Input material.
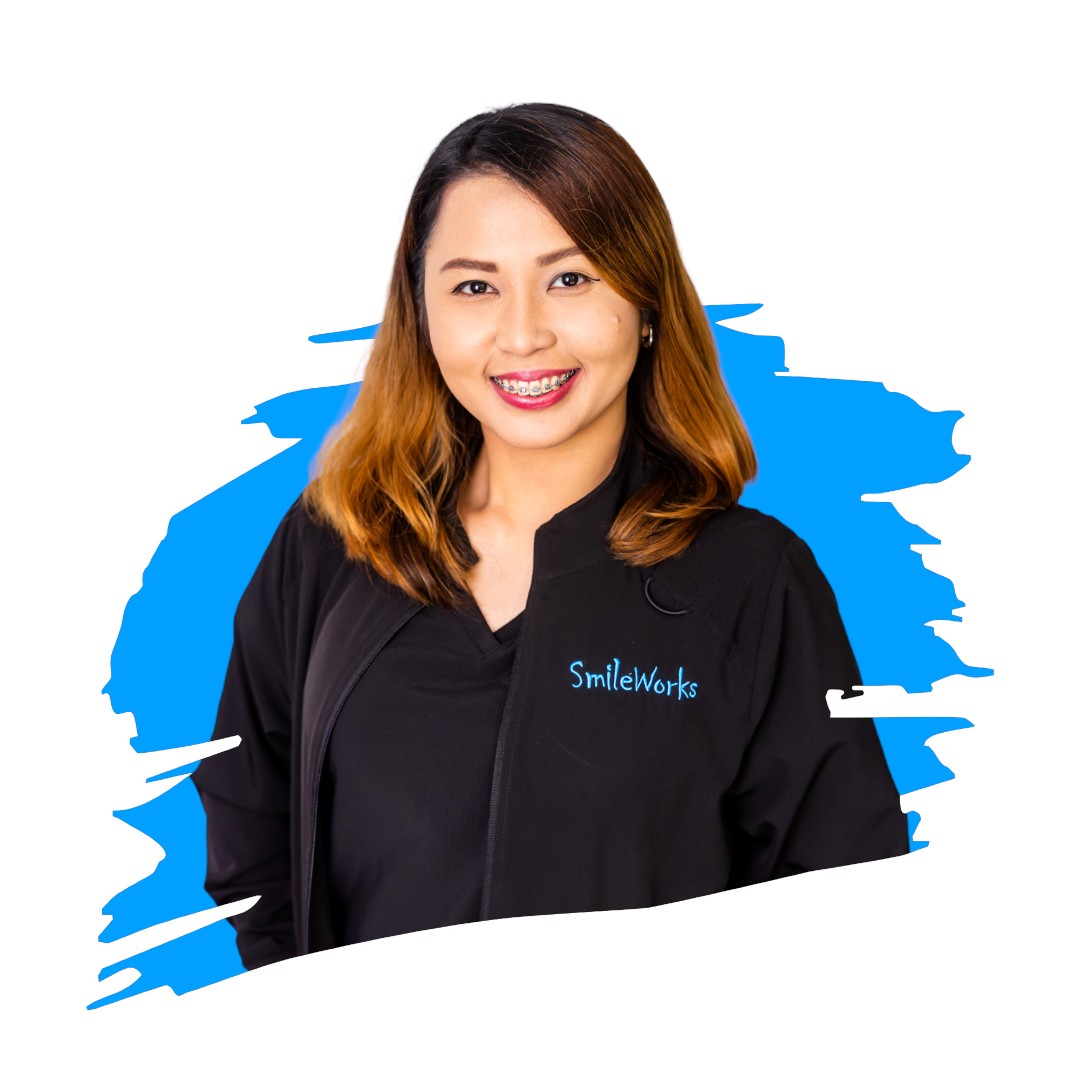 A woman in a black jacket with a name tag reading  SMILEWORKS  stands against a blue background.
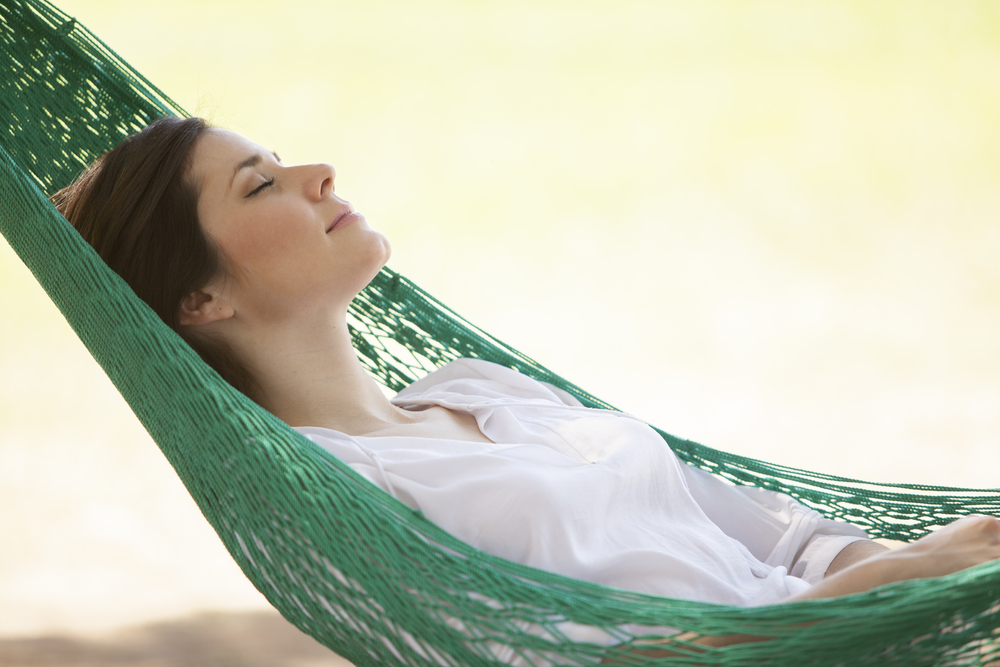 A woman is taking a nap in a hammock by the shore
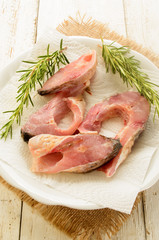 raw carp steak with paper kitchen towel and rosemary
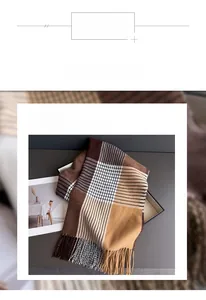 Detail showing the soft plaid polyester fabric texture and fine fringe of the scarf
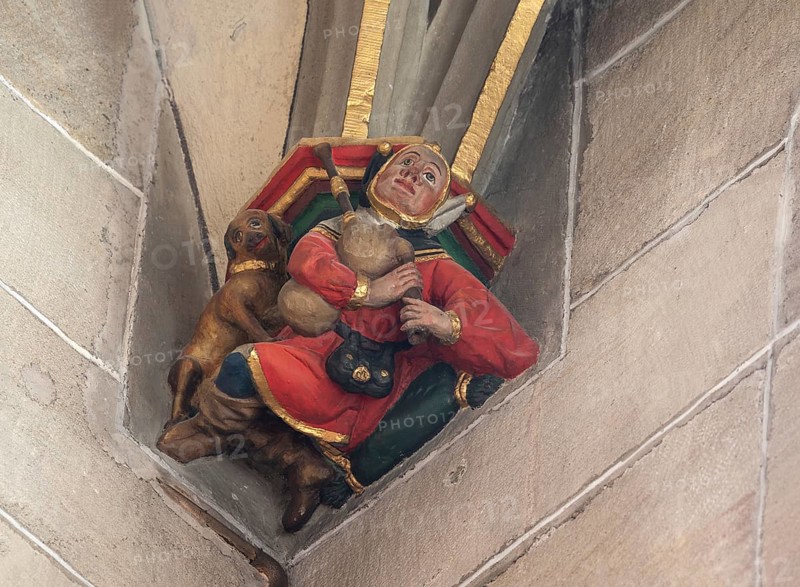 Jester with dog and bagpipes, Consol Stone in Heilig Kreuz Minster, Rottweil, Baden-Württemberg, Germany, Europe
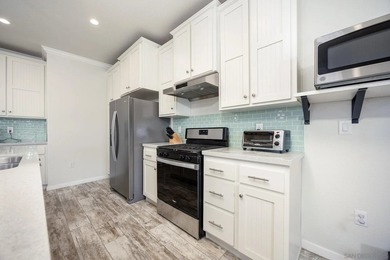 Welcome to effortless living in the heart of Mira Mesa. Situated - photo 5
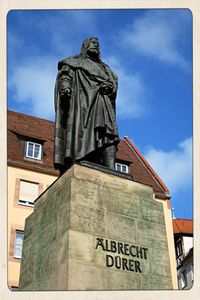 Low angle view of statue against sky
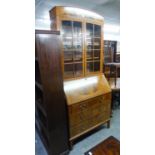 AN EDWARDIAN MAHOGANY BUREAU BOOKCASE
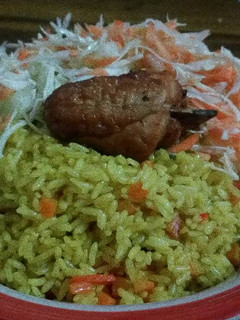 A picture of Fried Rice and Chicken with coleslaw.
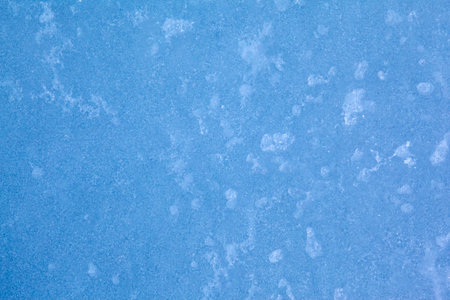Texture of winter ice surface. Blue natural ice background.の写真素材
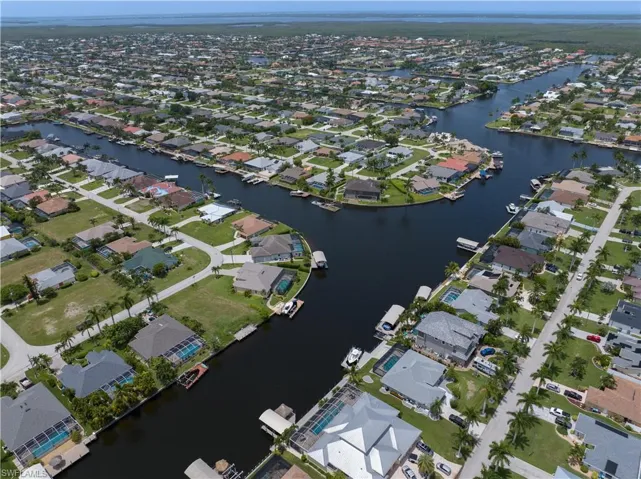 Birds eye view of property with a water view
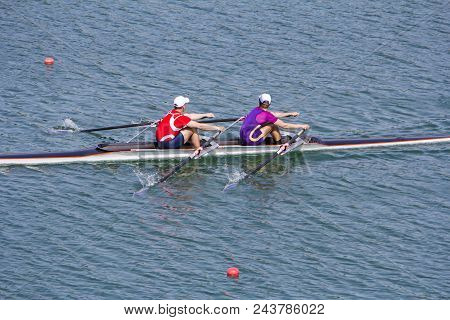 Two Young Rowers In A Racing Rower Boat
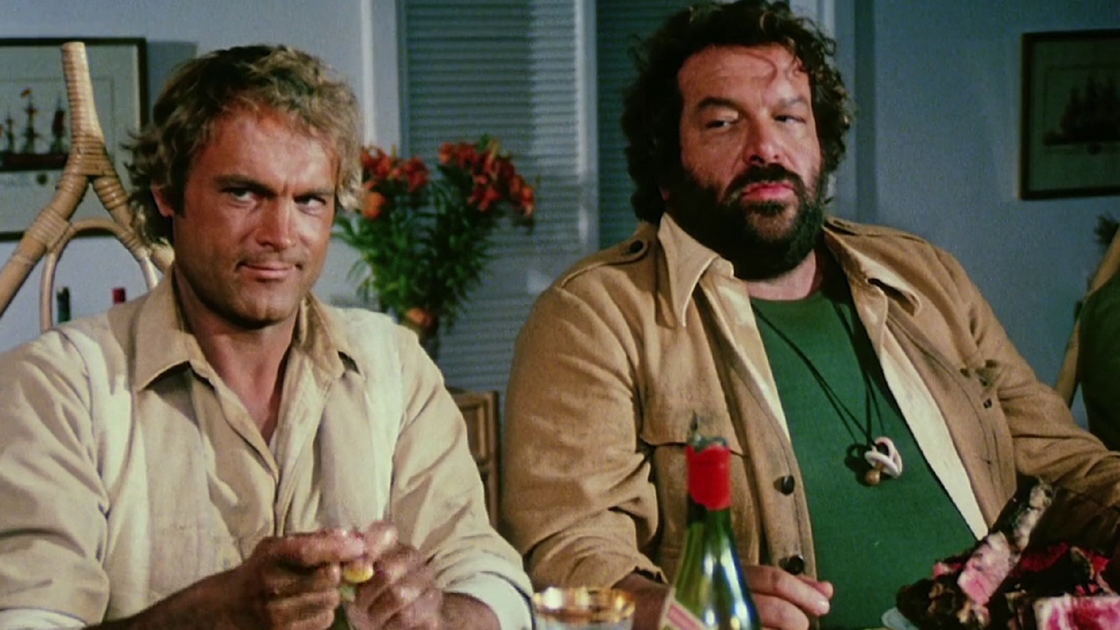 Copertina di Io sto con gli ippopotami: 10 curiosità sul film con Bud Spencer e Terence Hill (e la sua abbuffata!)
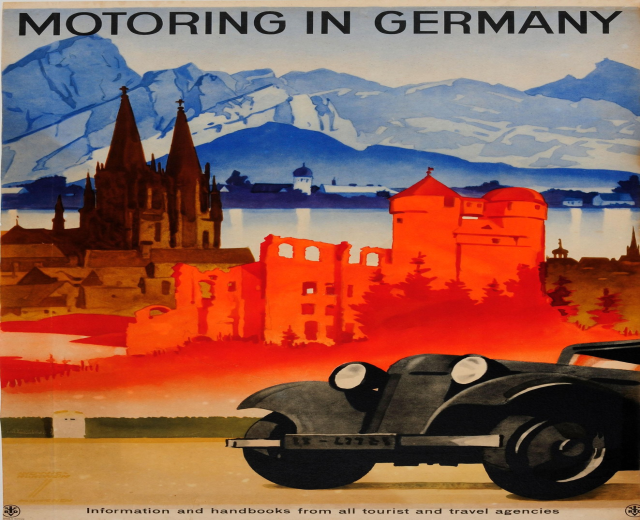 Poster in Germany advertising a motorbike, with a car in the foreground, buildings, water, and mountains in the background, and text on the poster.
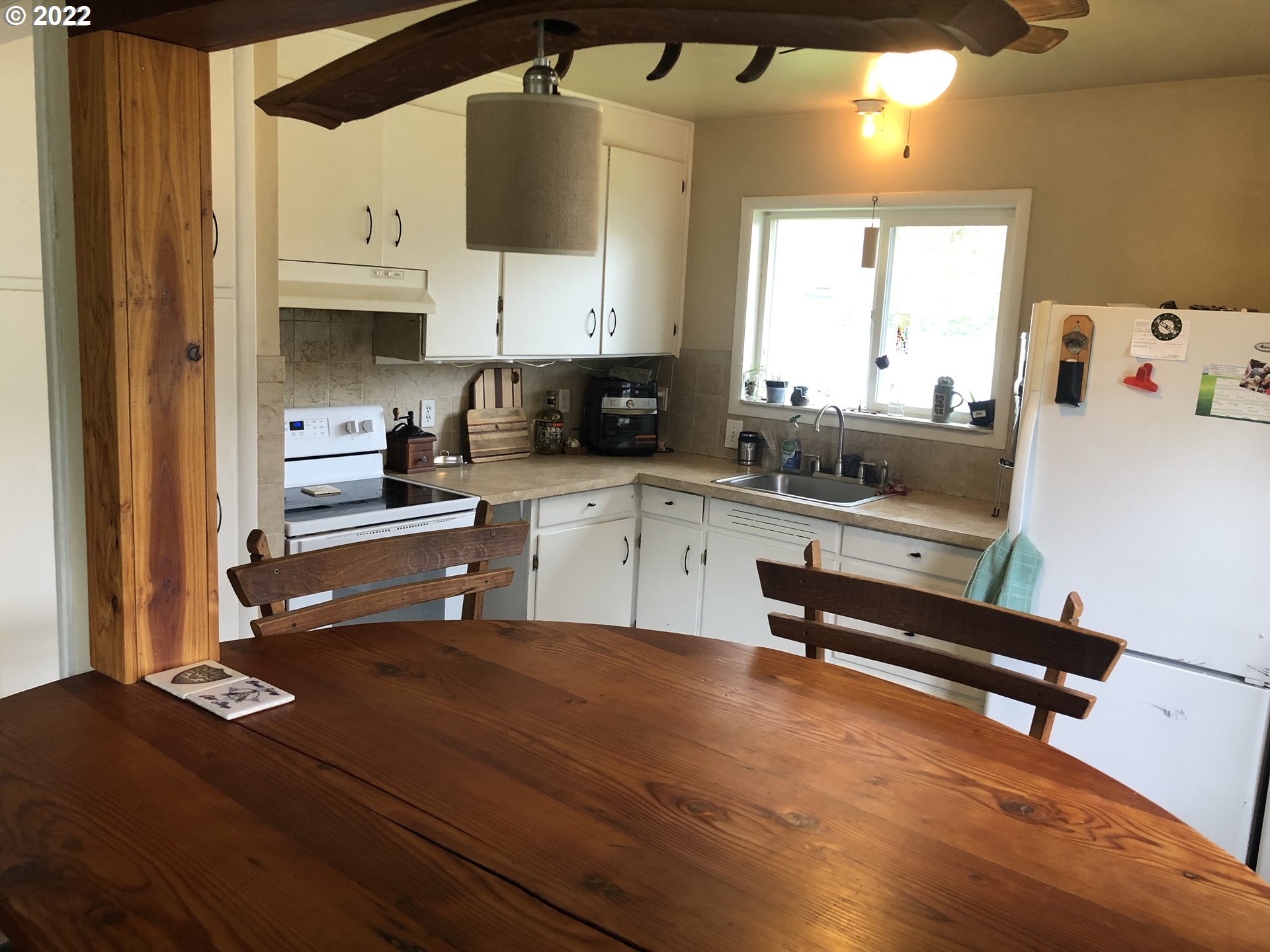 2796 J Street Springfield, OR 97477 - Photo 4 of 18 a kitchen with a sink a stove and cabinets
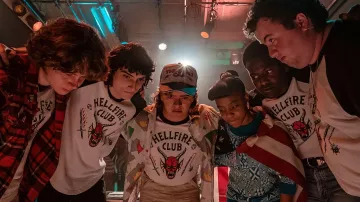 "Hellfire Club" Long-sleeve Raglan Tee worn by Mike Wheeler (Finn Wolfhard) in Stranger Things TV show outfits (Season 4 Episode 1)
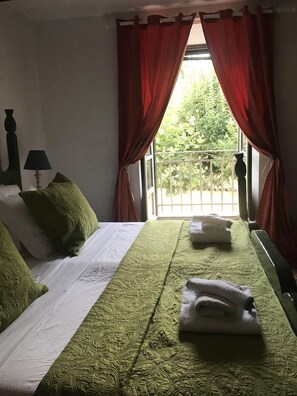 Un lit bien fait, avec une literie verte et blanche, une lampe de chevet et une fenêtre ornée de rideaux rouges.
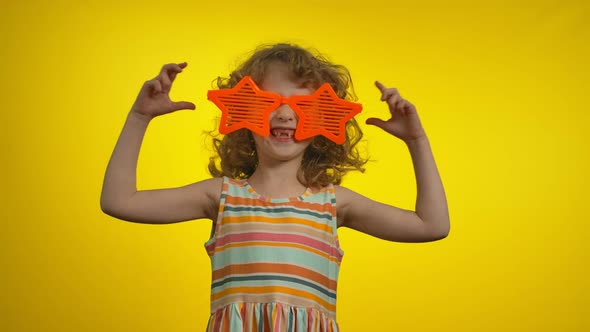 Curly Girl in Funny Huge Star Glasses with a Charming Toothless Smile is Dancing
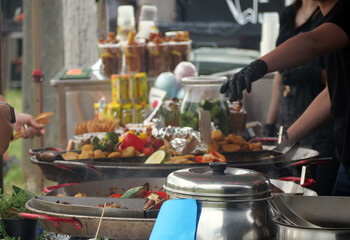Outdoor Food Stall: Chef Prepares Fresh Meals at Bustling Market - Culinary Activity: Close-Up of Busy Hands Cooking and Serving Street Food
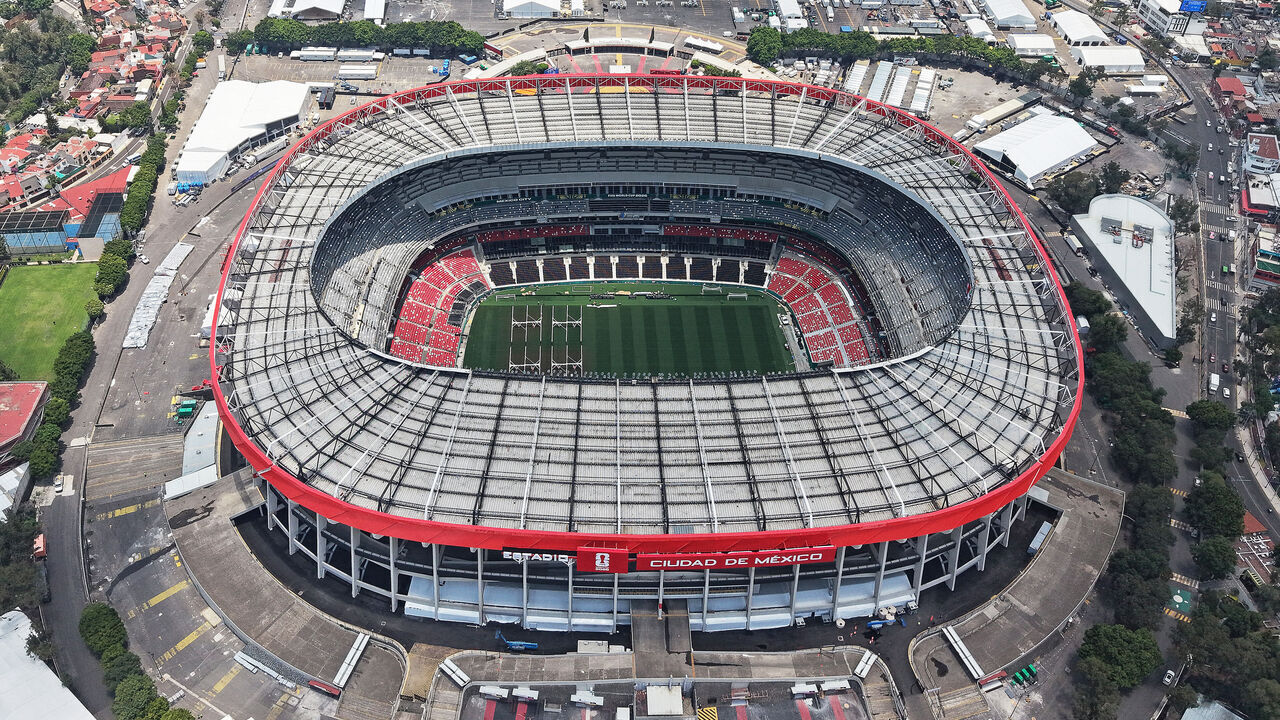 This aerial view shows the Mexico City Stadium, renamed from Azteca Stadium (or Banorte Stadium) for the FIFA World Cup, in Mexico City on May 28, 2026. FIFA temporarily branded the iconic Azteca Stadium as "Mexico City Stadium" for the 2026 World Cup, enforcing a strict "debranding" policy that requires all host stadiums to remove or cover non-official corporate sponsor names, suite branding, and external logos.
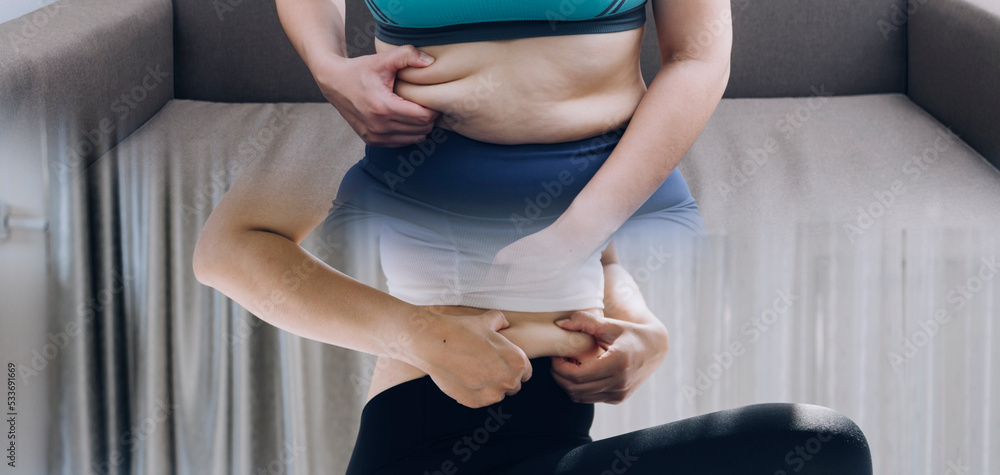 Fototapeta premium Beautiful fat woman with tape measure She uses her hand to squeeze the excess fat that is isolated on a white background. She wants to lose weight, the concept of surgery and break down fat under the
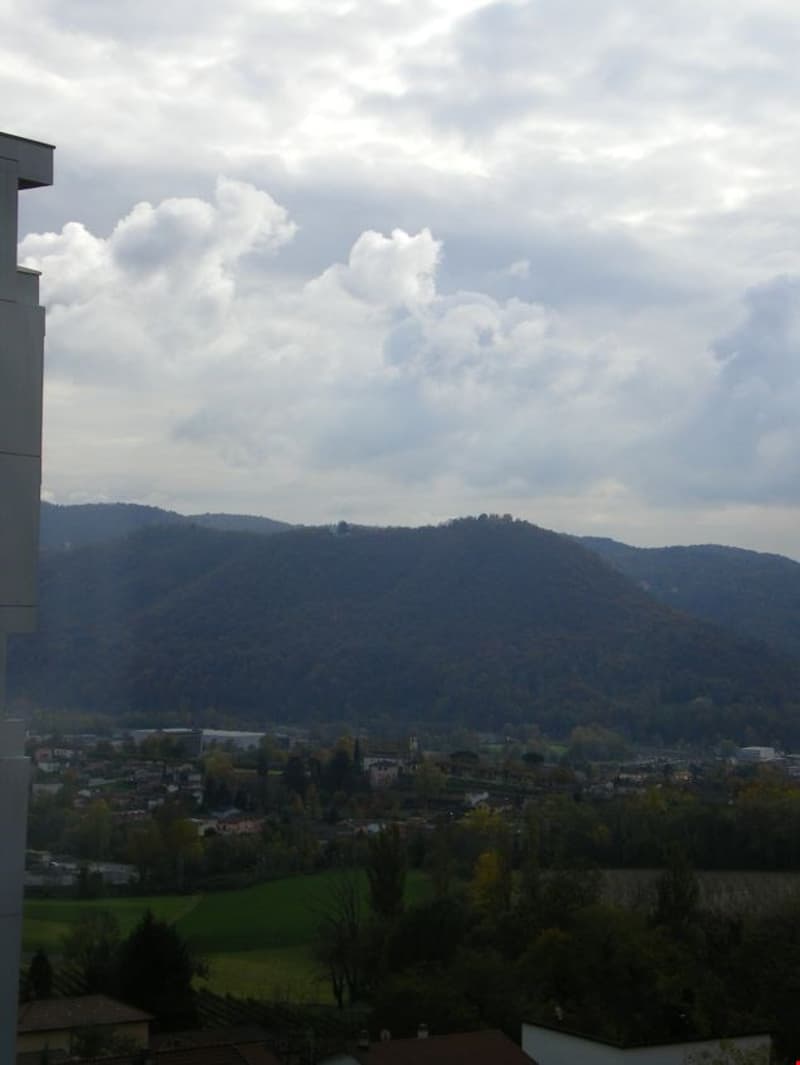The image shows a scenic view of a mountainous landscape with rolling hills and a cloudy sky. The foreground includes some buildings and greenery, while the background features a range of hills and mountains.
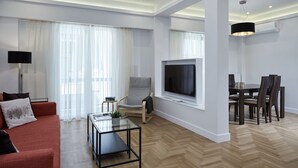 A modern living room with a sofa, a glass coffee table, a TV, a dining area with chairs, and a large window with curtains. - Luxurious Spacious Apt next  Hilton Area (Athens)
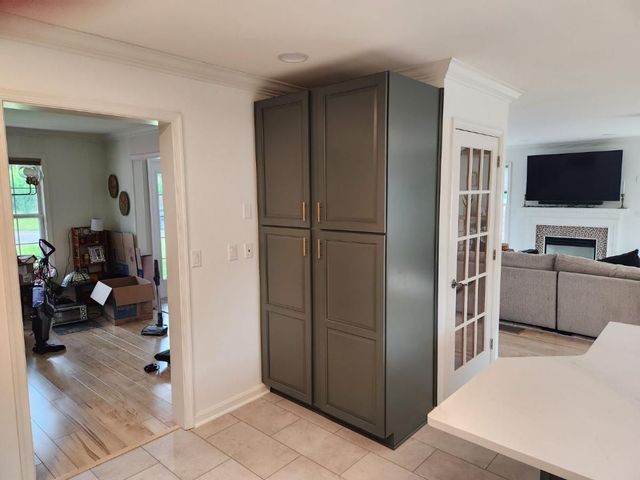 A kitchen with a gray cabinet and a french door.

To do.
Working from the entries above, please transcribe only the lines from the line with "Curly Girl in" through the line with "The image shows", exactly, with both end lines and without pictures.

Exercise response.
 Curly Girl in Funny Huge Star Glasses with a Charming Toothless Smile is Dancing
Outdoor Food Stall: Chef Prepares Fresh Meals at Bustling Market - Culinary Activity: Close-Up of Busy Hands Cooking and Serving Street Food
 This aerial view shows the Mexico City Stadium, renamed from Azteca Stadium (or Banorte Stadium) for the FIFA World Cup, in Mexico City on May 28, 2026. FIFA temporarily branded the iconic Azteca Stadium as "Mexico City Stadium" for the 2026 World Cup, enforcing a strict "debranding" policy that requires all host stadiums to remove or cover non-official corporate sponsor names, suite branding, and external logos.
 Fototapeta premium Beautiful fat woman with tape measure She uses her hand to squeeze the excess fat that is isolated on a white background. She wants to lose weight, the concept of surgery and break down fat under the
The image shows a scenic view of a mountainous landscape with rolling hills and a cloudy sky. The foreground includes some buildings and greenery, while the background features a range of hills and mountains.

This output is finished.